Japanese ice hockey player

Hiroyuki Miura (三浦 浩幸, Miura Hiroyuki) is a Japanese former professional ice hockey defenceman.

==Playing career==
In 1992, Miura became the first Japanese player ever drafted into the NHL when the Montreal Canadiens chose him in the 11th round (260th overall) of the 1992 NHL entry draft. (Technically, Miura was the second Japanese player "selected" by the league; the first was Taro Tsujimoto, a fictional player drafted as a joke by the Buffalo Sabres in 1974; Miura, however was the first actual player to be drafted). Miura never played in the NHL, and his North American professional ice hockey experience was limited to six games played with the Wheeling Thunderbirds of the East Coast Hockey League in 1993–94. It wasn't until 2006 that the NHL saw its first Japanese player to actually play a game, when Yutaka Fukufuji played for the Los Angeles Kings.

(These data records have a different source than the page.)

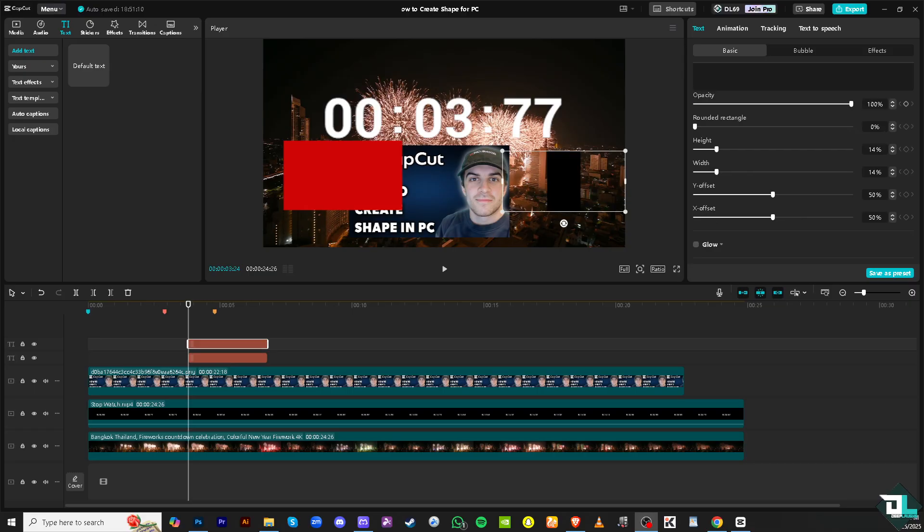And that's it for today's video. Thank you so much for watching. We will see you again in the next one.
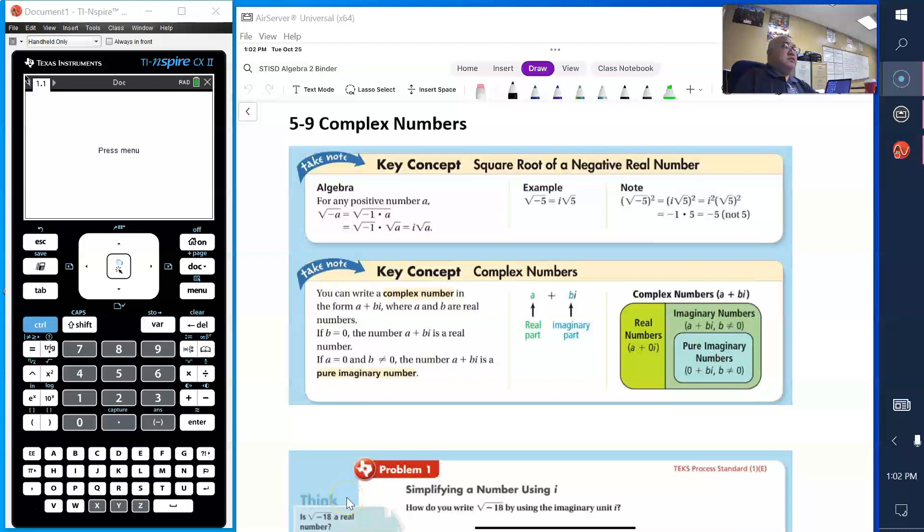Good afternoon. Today's lesson is complex numbers. I want to review what is a complex number.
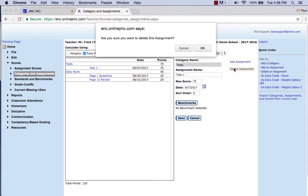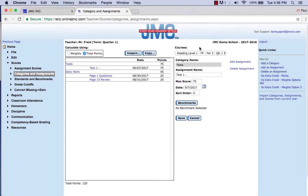Now, if there are no scores in there, when you click OK it will delete that particular assignment. If there are scores in for that particular assignment, it will tell you: please remove the scores for this assignment before deleting. This is very important because we don't want you to accidentally delete an assignment for which there are scores listed.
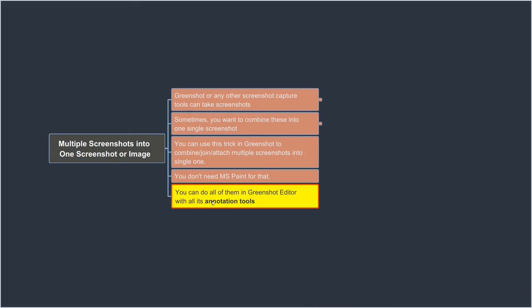And as I said, you can take advantage of all the annotation tools in GreenShot editor also. So I hope you like this video, and I hope you will be able to accomplish what you were looking for. If you did, please like this video. And if you like the content of this channel, then please consider subscribing to it. All right. Thank you very much. Bye.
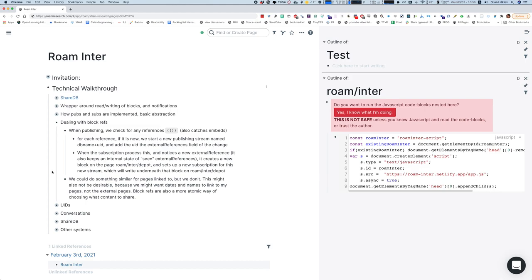On the subscription side, when it applies a change and sees a new external reference it hasn't seen before, it sets up a new subscription. Where does it subscribe to? I have a page called 'roaminter/depot' — I'll create it if it doesn't exist — and I just insert a new node with the UID and point the subscription there. Nobody's going to want to go to that page and see all the jumbled child blocks, but because of how Roam works with UIDs, this will resolve beautifully. When you're looking in the actual conversation or stream, you'll see the content inline.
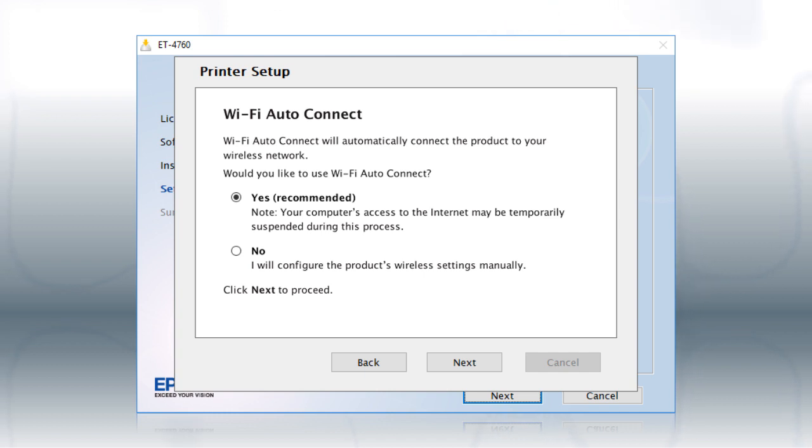The installer will automatically connect the product to your network and your setup is now complete.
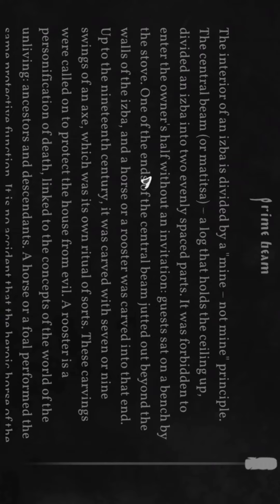It was forbidden to enter the owner's half without an invitation. Guests sat on a bench by the stove.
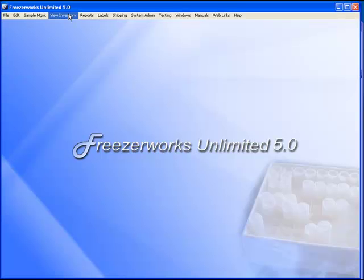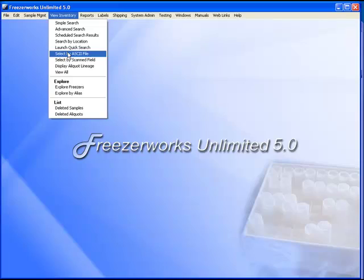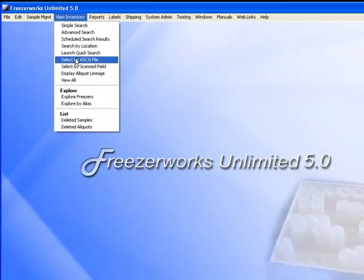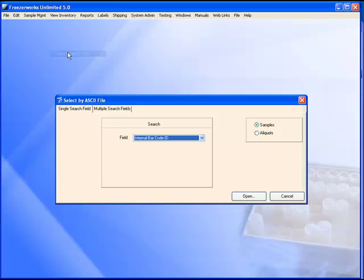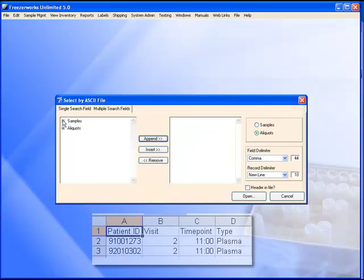What could take hours will instead take a minute using FreezeWorks. In this case, we want the Select by ASCII File option. We set our search for aliquots and then select the fields in Dr. Barton's criteria.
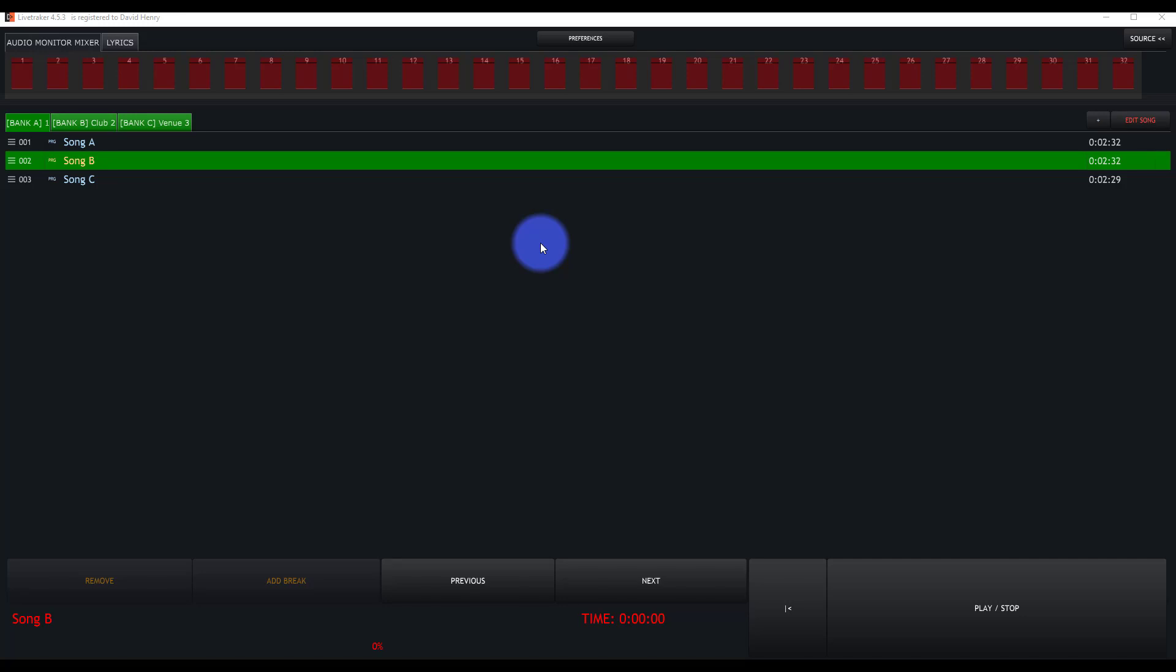Did you know that LiveTracker can actually create monitor mixes for your different musicians on stage? Yeah, it's crazy, but you can. Let's walk through it.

Miura represented Japan at the 1993 World Junior Ice Hockey Championships in Sweden and at several World Championships. He also was a member of the Japan men's national ice hockey team at the 1998 Winter Olympics held in Nagano, Japan. Miura is a seven-time Japan Ice Hockey League champion (1994–95, 1997–98, 1998–99, 2000–01, 2001–02, 2002–03, 2003–04), winning each championship as a member of the Kokudo Keikaku Ice Hockey Club. He is unrelated to Takayuki Miura who represented Japan at the 1998 Olympics.